On the Joint Interaction of Models, Data, and Features
This work provides incremental theoretical insights into feature learning for the machine learning community, addressing a fundamental gap in understanding model-data interactions.
The paper tackles the problem of understanding feature learning in deep learning by introducing an interaction tensor for empirical analysis, leading to a conceptual framework that explains phenomena like the Generalization Disagreement Equality and identifies data distributions that break it.

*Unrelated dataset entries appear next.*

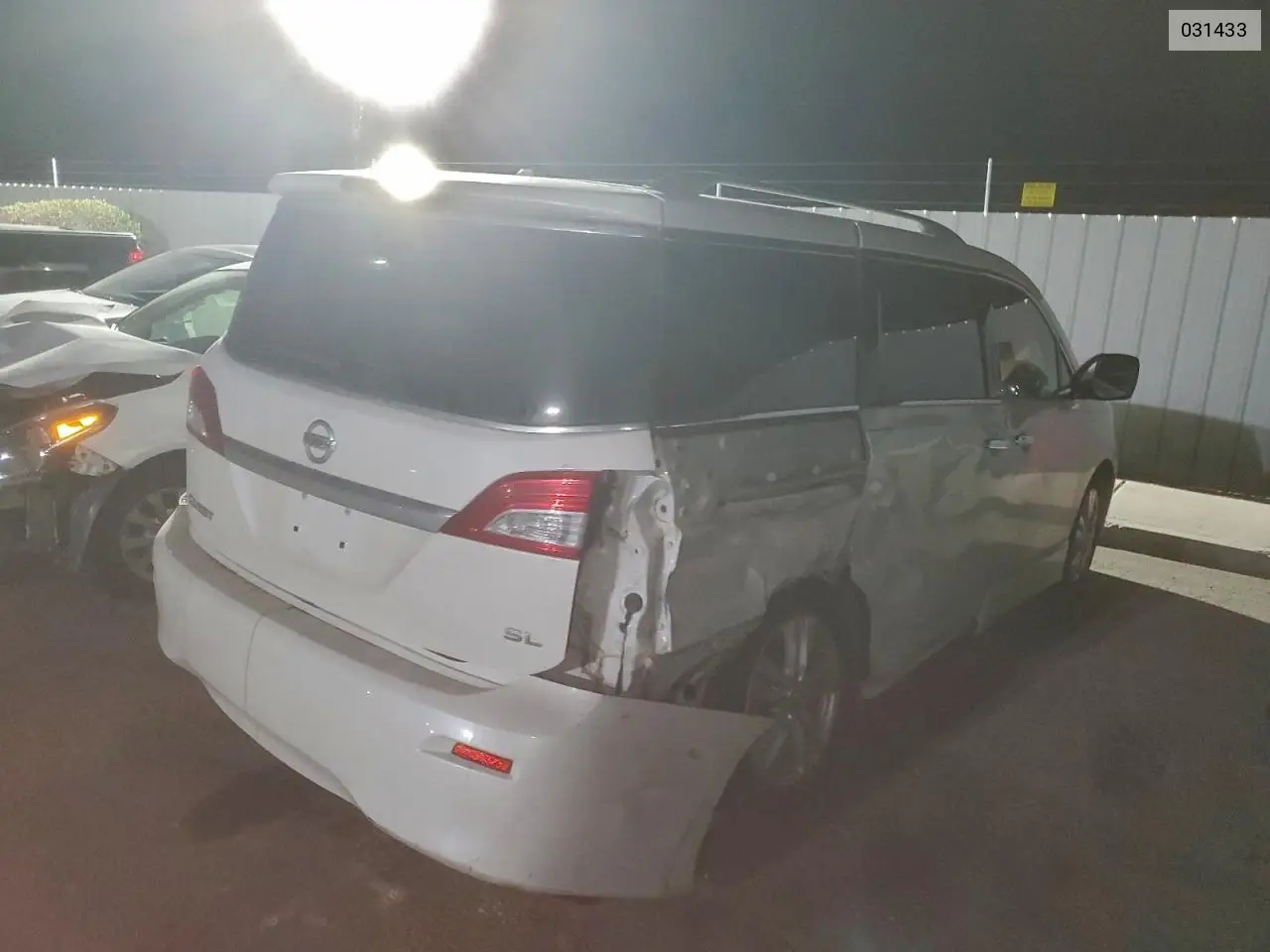 031433 2012 Nissan Quest S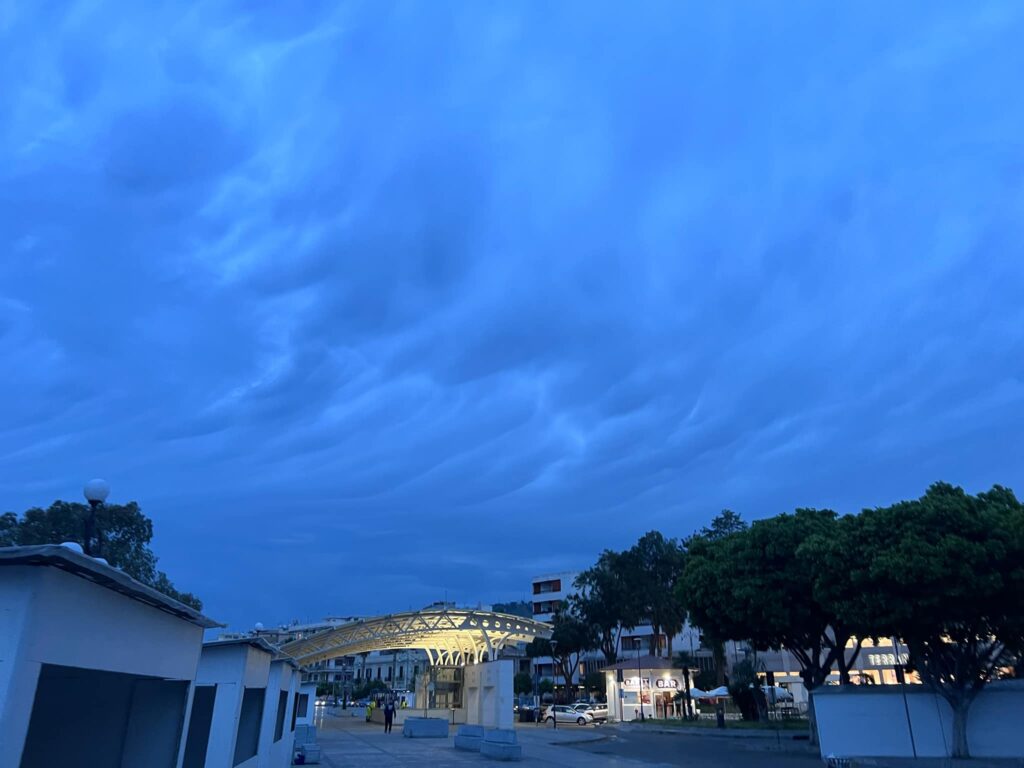 sabbia del sahara maltempo stretto di messina 14 aprile 2025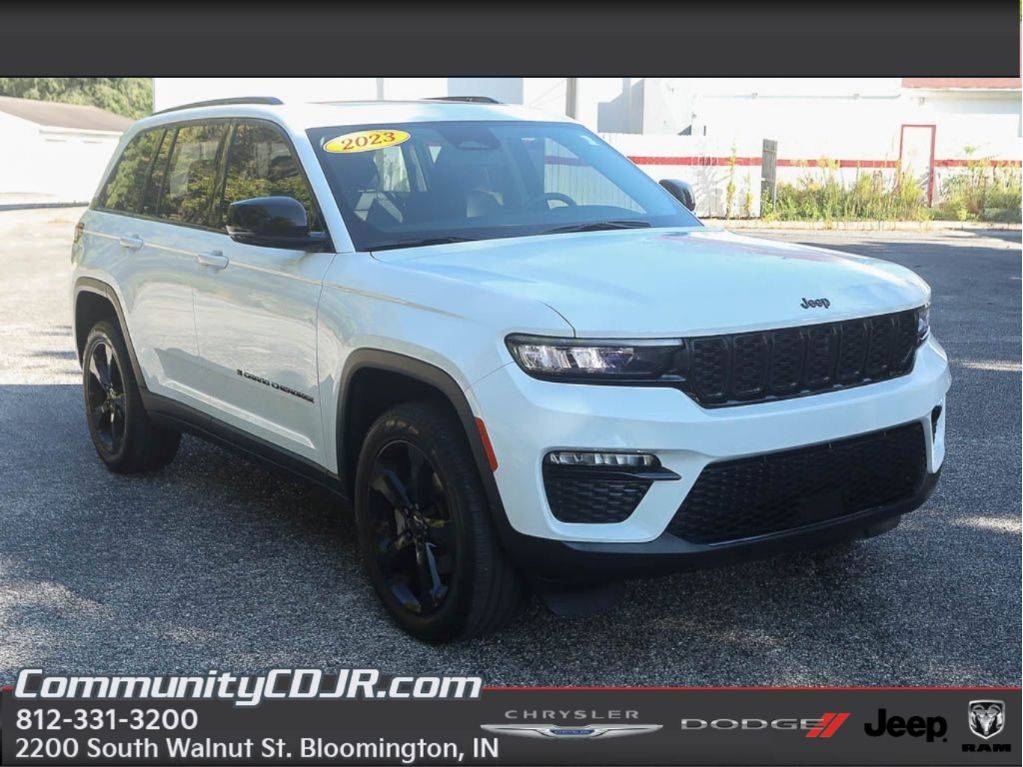 2023 Jeep Grand Cherokee Limited — SUV — 13,800 mi — Bloomington, IN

Learning features from data is one of the defining characteristics of deep learning, but our theoretical understanding of the role features play in deep learning is still rudimentary. To address this gap, we introduce a new tool, the interaction tensor, for empirically analyzing the interaction between data and model through features. With the interaction tensor, we make several key observations about how features are distributed in data and how models with different random seeds learn different features. Based on these observations, we propose a conceptual framework for feature learning. Under this framework, the expected accuracy for a single hypothesis and agreement for a pair of hypotheses can both be derived in closed-form. We demonstrate that the proposed framework can explain empirically observed phenomena, including the recently discovered Generalization Disagreement Equality (GDE) that allows for estimating the generalization error with only unlabeled data. Further, our theory also provides explicit construction of natural data distributions that break the GDE. Thus, we believe this work provides valuable new insight into our understanding of feature learning.